Task objective: Return the entries exactly. Images are not part of the copy.

Data extracts:

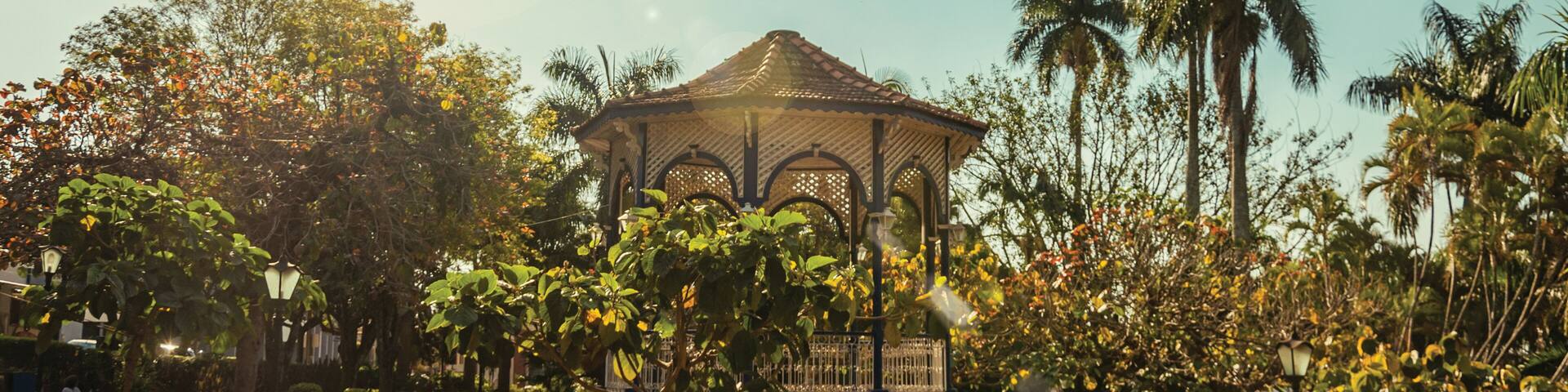 Old and colorful gazebo of square in the middle of verdant garden full of trees, in a bright sunny day at São Manuel. A cute little town in the countryside of São Paulo State. Southeast Brazil.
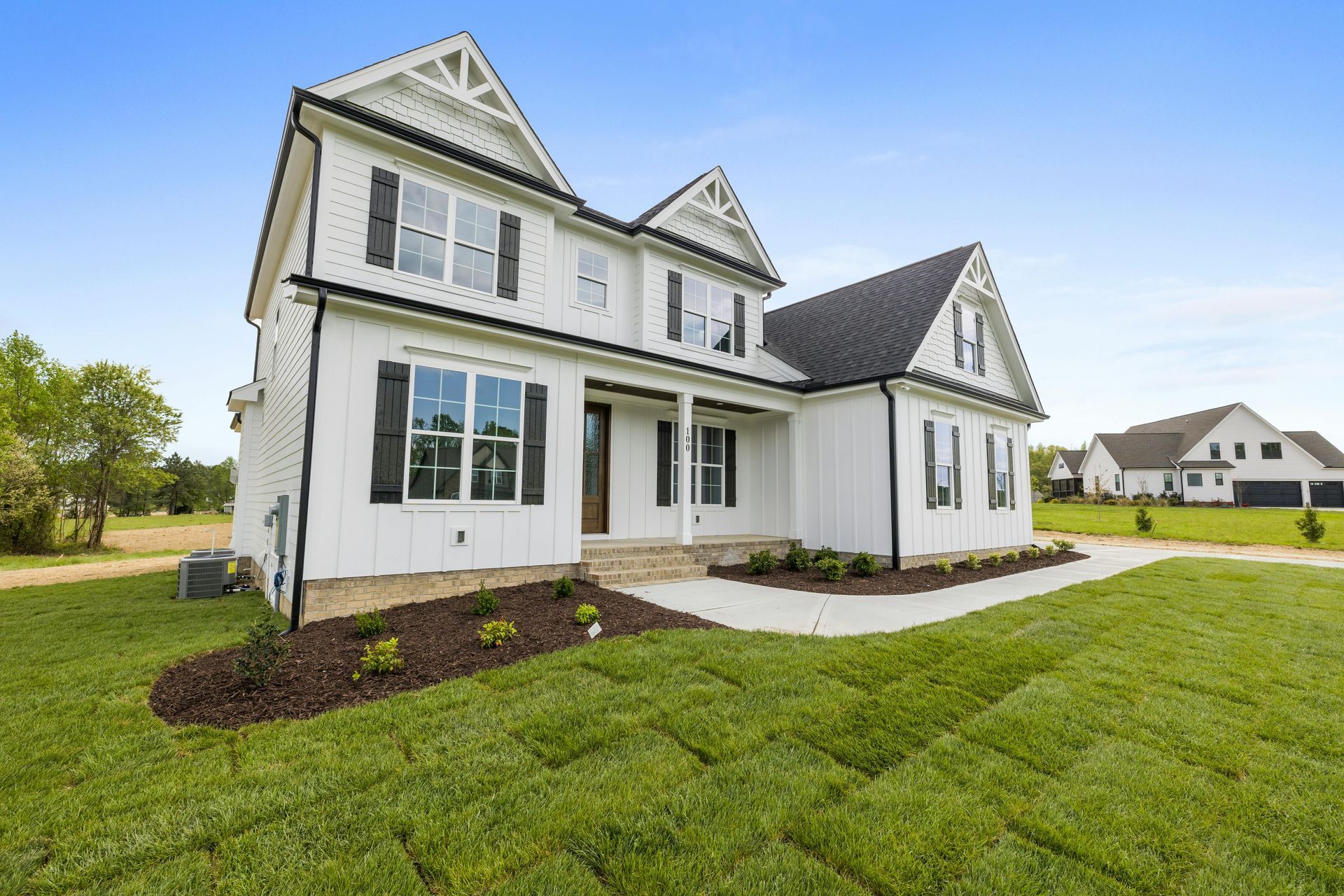 A large white house with black shutters is sitting on top of a lush green field.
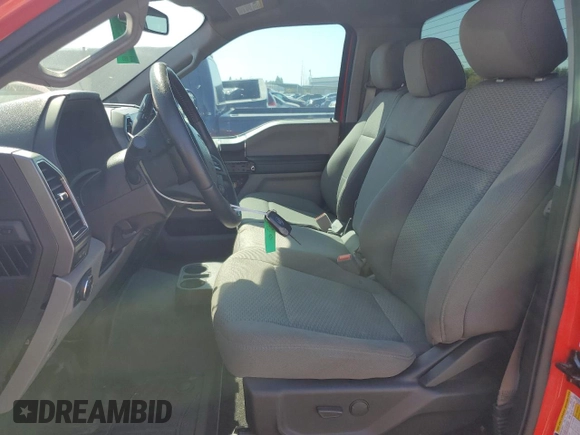 2019 Ford F-150 XL with VIN 1FTMF1E57KKC36789, listed as a Copart auction lot 69457224 with 26,509 mi miles and Salvage title. Bid and sale history available at DreamBid. Image 7.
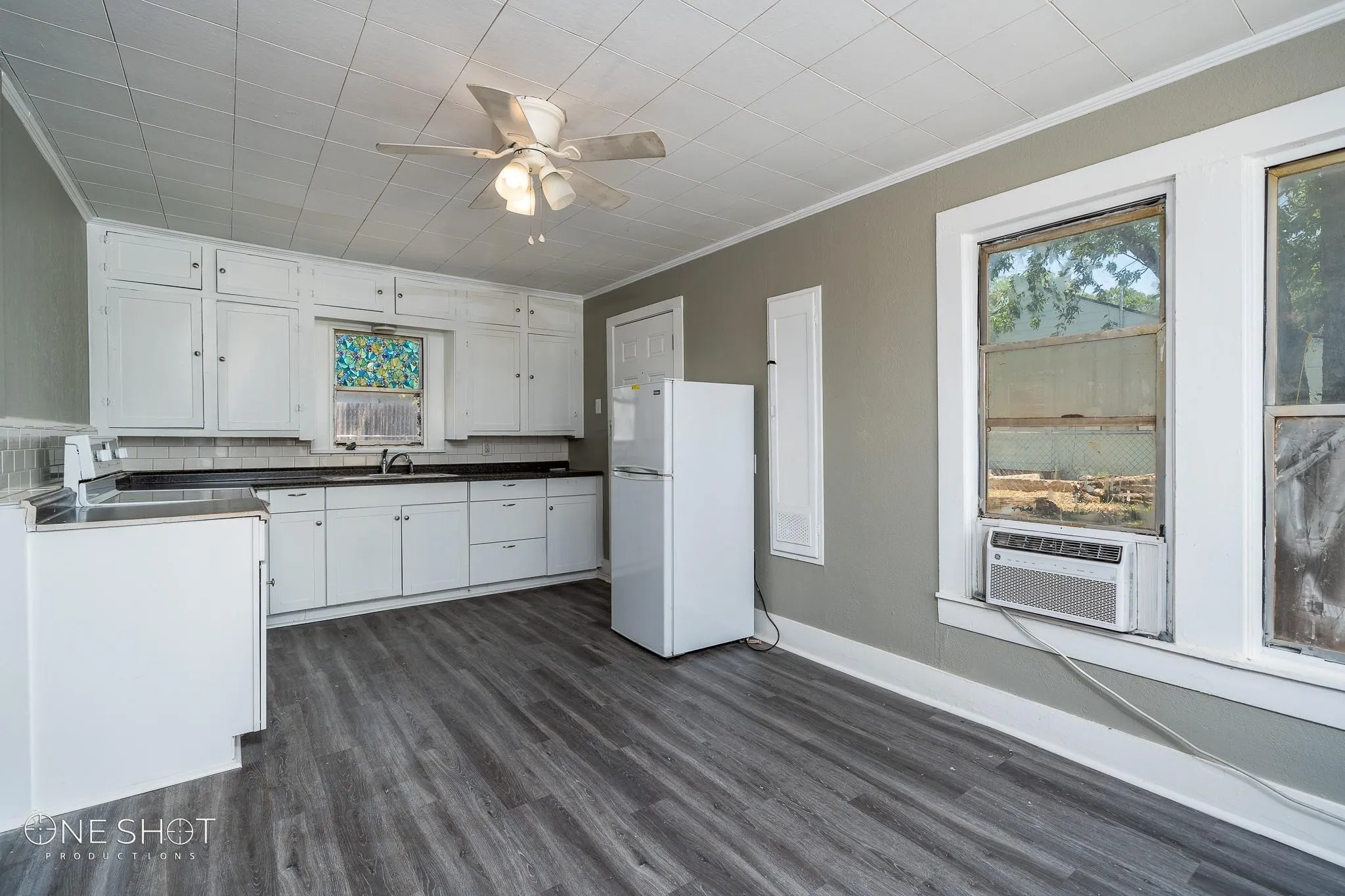 Kitchen featuring white cabinets, white refrigerator, dark hardwood / wood-style flooring, and plenty of natural light
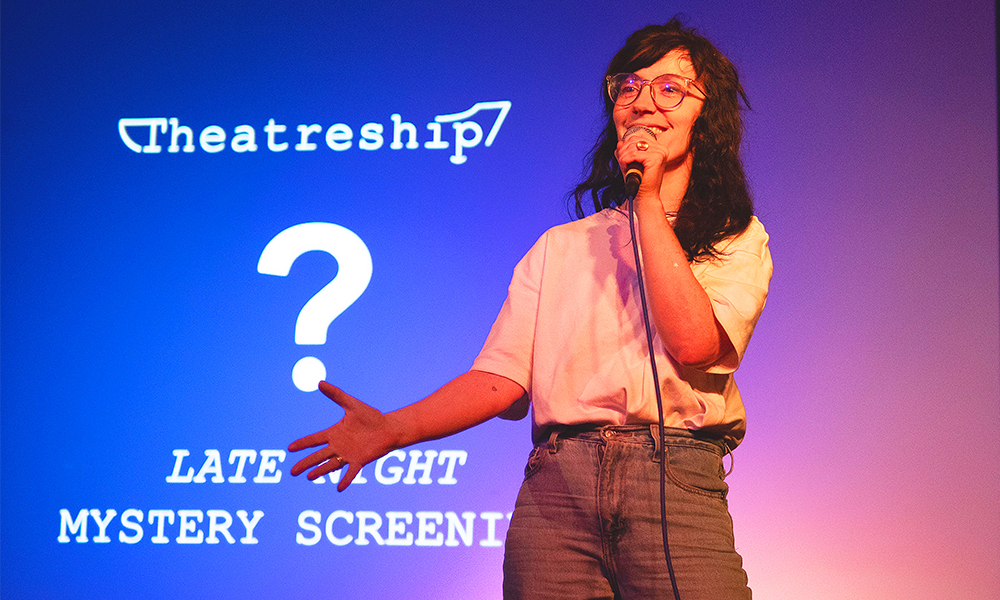 Natalie introduces a mystery screening at the venue - image by Adrian Sidor
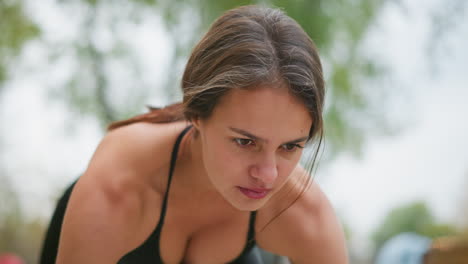 close-up portrait of focused woman preparing for sprint, intense concentration, outdoor workout, fitness training, athletic energy, determined to take off, sport motivation, strong mindset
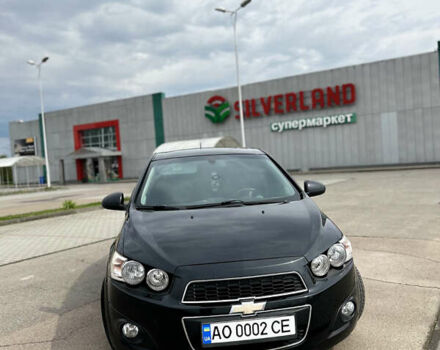 Черный Шевроле Авео, объемом двигателя 1.6 л и пробегом 180 тыс. км за 6600 $, фото 1 на Automoto.ua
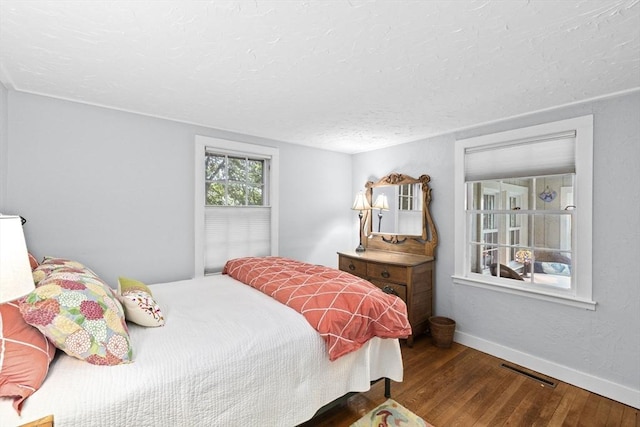 23 Garden Rd, Scituate, MA 02066 - bedroom featuring wood finished floors and a textured ceiling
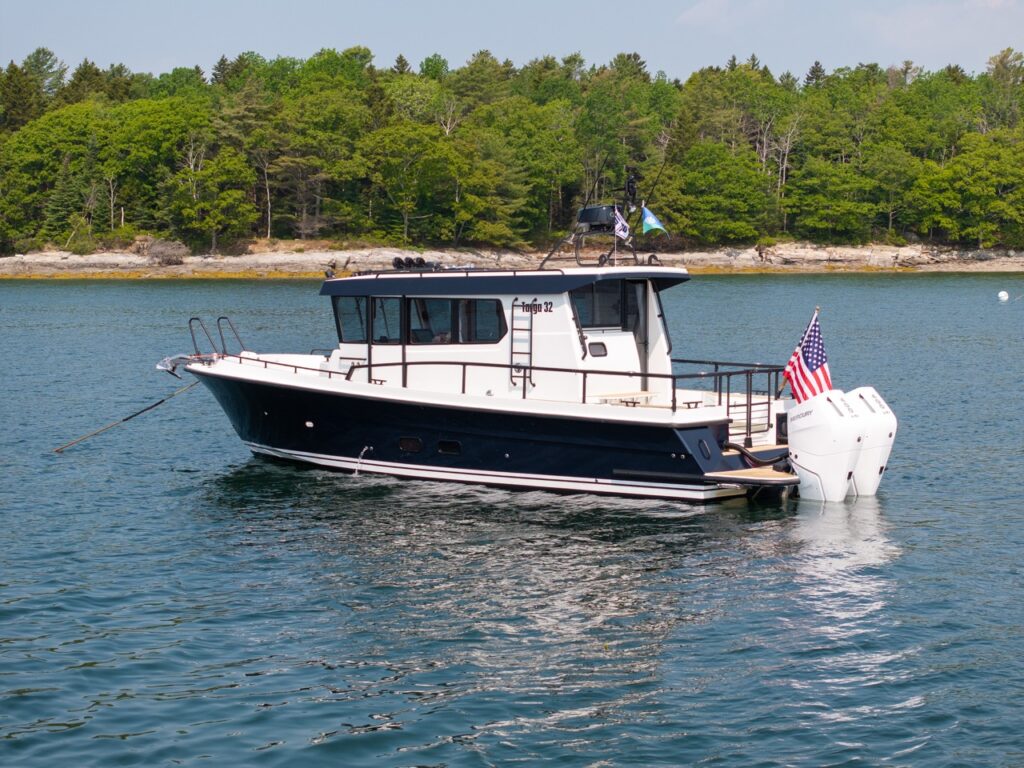 Starboard-side profile of a Targa 32 pilothouse boat at anchor on calm coastal water, featuring an enclosed cabin, walkaround decks, aft cockpit, and twin Mercury Verado outboards flying an American flag.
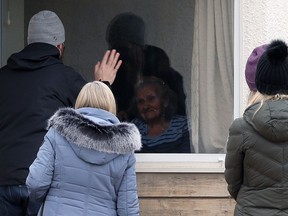 A group of people visit a resident at Charleswood Care Centre on Roblin Boulevard in Winnipeg through a window on Tuesday. Public health officials announced 10 more deaths linked to outbreaks at long-term care facilities in Manitoba including four deaths connected to the outbreak at Charleswood Care Centre.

Exercise result:
 Old and colorful gazebo of square in the middle of verdant garden full of trees, in a bright sunny day at São Manuel. A cute little town in the countryside of São Paulo State. Southeast Brazil.
 A large white house with black shutters is sitting on top of a lush green field.
 2019 Ford F-150 XL with VIN 1FTMF1E57KKC36789, listed as a Copart auction lot 69457224 with 26,509 mi miles and Salvage title. Bid and sale history available at DreamBid. Image 7.
 Kitchen featuring white cabinets, white refrigerator, dark hardwood / wood-style flooring, and plenty of natural light
 Natalie introduces a mystery screening at the venue - image by Adrian Sidor
 close-up portrait of focused woman preparing for sprint, intense concentration, outdoor workout, fitness training, athletic energy, determined to take off, sport motivation, strong mindset
 Черный Шевроле Авео, объемом двигателя 1.6 л и пробегом 180 тыс. км за 6600 $, фото 1 на Automoto.ua
 23 Garden Rd, Scituate, MA 02066 - bedroom featuring wood finished floors and a textured ceiling
 Starboard-side profile of a Targa 32 pilothouse boat at anchor on calm coastal water, featuring an enclosed cabin, walkaround decks, aft cockpit, and twin Mercury Verado outboards flying an American flag.
 A group of people visit a resident at Charleswood Care Centre on Roblin Boulevard in Winnipeg through a window on Tuesday. Public health officials announced 10 more deaths linked to outbreaks at long-term care facilities in Manitoba including four deaths connected to the outbreak at Charleswood Care Centre.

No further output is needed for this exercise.